Свою ответственность царь понимал иначе, чем создатели теории «общественного договора»: он считал, что должен быть примером для подданных, и до конца жизни демонстрировал служение интересам государства, при исполнении воинского долга пройдя все ступени служебной лестницы от простого бомбардира до генерала и вице-адмирала с соответствующим жалованьем, получая которое говорил окружавшим: «Сии деньги — собственные мои. Я их заслужил и употреблять могу по произволу. Но с государственными доходами поступать надлежит осторожно: об них должен я дать отчёт Богу».
Этому служению он подчинил и личную жизнь, не щадя ни себя, ни близких и требуя того же от других. Когда в 1716 году царь в Копенгагене не смог повидать поутру своего союзника — датского короля Фредерика IV (тот проводил время с любовницей), он сделал царственному «брату» замечание, а услышав в ответ, что он и сам имеет «метресс», возразил: «Мои шлюхи мне ничего не стоят. Но та, что содержите вы, обходится вам в тысячи риксталеров, которые вы могли бы потратить с гораздо большей пользой».

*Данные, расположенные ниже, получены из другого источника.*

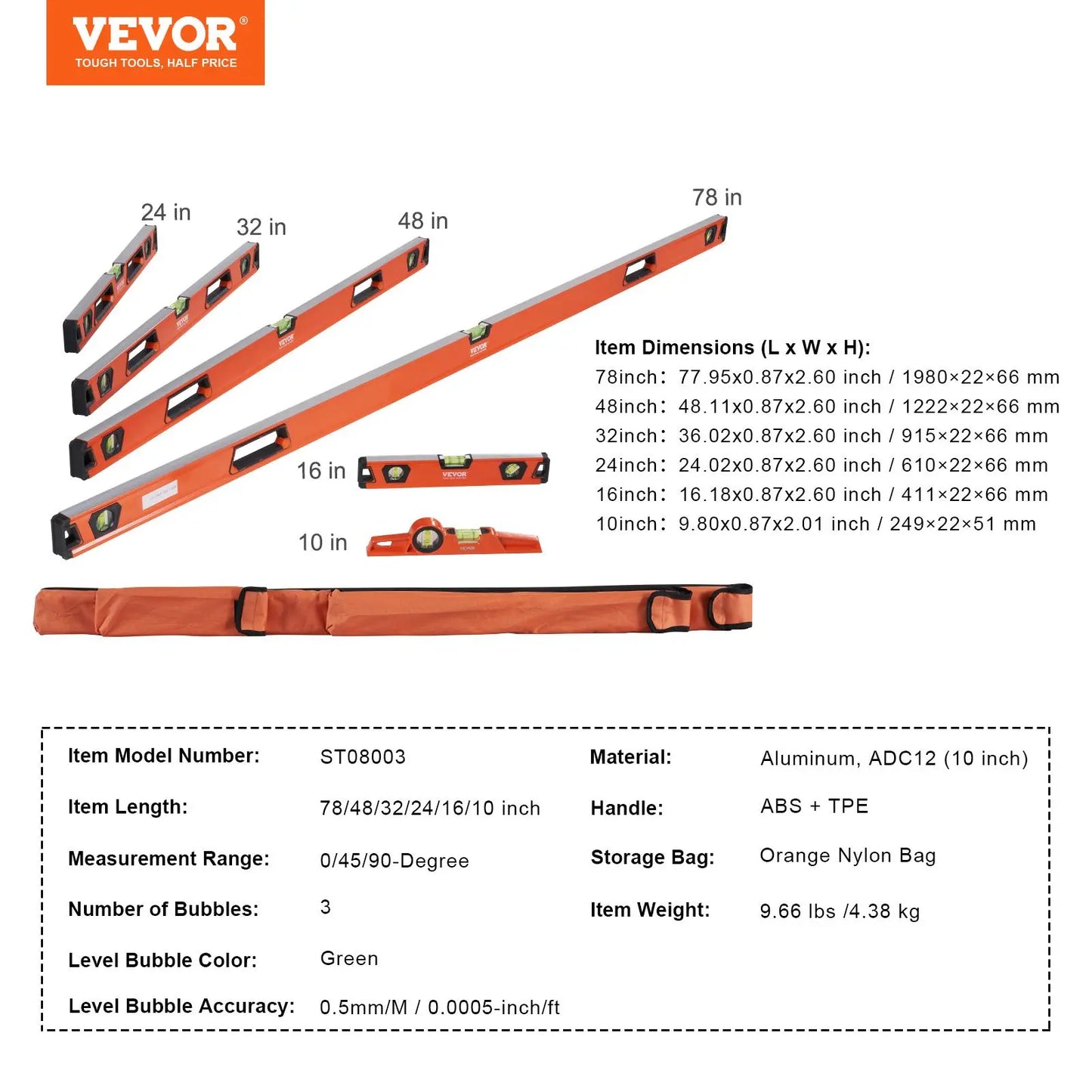 VEVOR 6-Pc Magnetic Torpedo Level Set, Aluminum, Multi-Angle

Юношеские впечатления от заморской «вольности» у Петра остались надолго, но могли он понять основы качественно иного мироустройства, социальной структуры, отношений власти и подданных? Едва ли... И всё же он пошёл на разрыв с «московской» традицией и утверждал новую культуру, основанную на иной знаковой системе. Образцом объявлялось не восточное благочестие, а культурный уклад Западной Европы; бороду надо было менять на парик, русский язык — на немецкий. Не случайно впоследствии царь приказал поставить аллегорические статуи «каменных девок» в петербургском Летнем саду — античная мифология («еллинская ересь») стала официальным средством эстетического воспитания. Царь был глубоко убеждён в своём праве вводить любые новшества и «перемены обычаев». Вспомним и о том, что к московской старине у него был личный счёт.
Восстание стрельцов в 1698 году заставило Петра прервать заграничное турне и поспешить в Россию. По его приказу в Преображенском были построены 14 пыточных камер, где два приказных дьяка и восемь подьячих параллельно вели допросы и происходили пытки. 30 сентября на Красной площади Пётр принял участие в первой массовой казни участников Стрелецкого бунта. Государь при огромном стечении народа взялся лично рубить головы приговорённым; причём его свита была обязана принять участие; избежать его смогли лишь иностранцы, отговорившиеся боязнью снискать ненависть русского народа. С сентября 1698 года по февраль 1699-го были казнены 1182 стрельца — почти треть привлечённых к следствию; более шестисот человек отправлены в ссылку в Сибирь, ещё две тысячи переведены из столицы в провинциальные полки.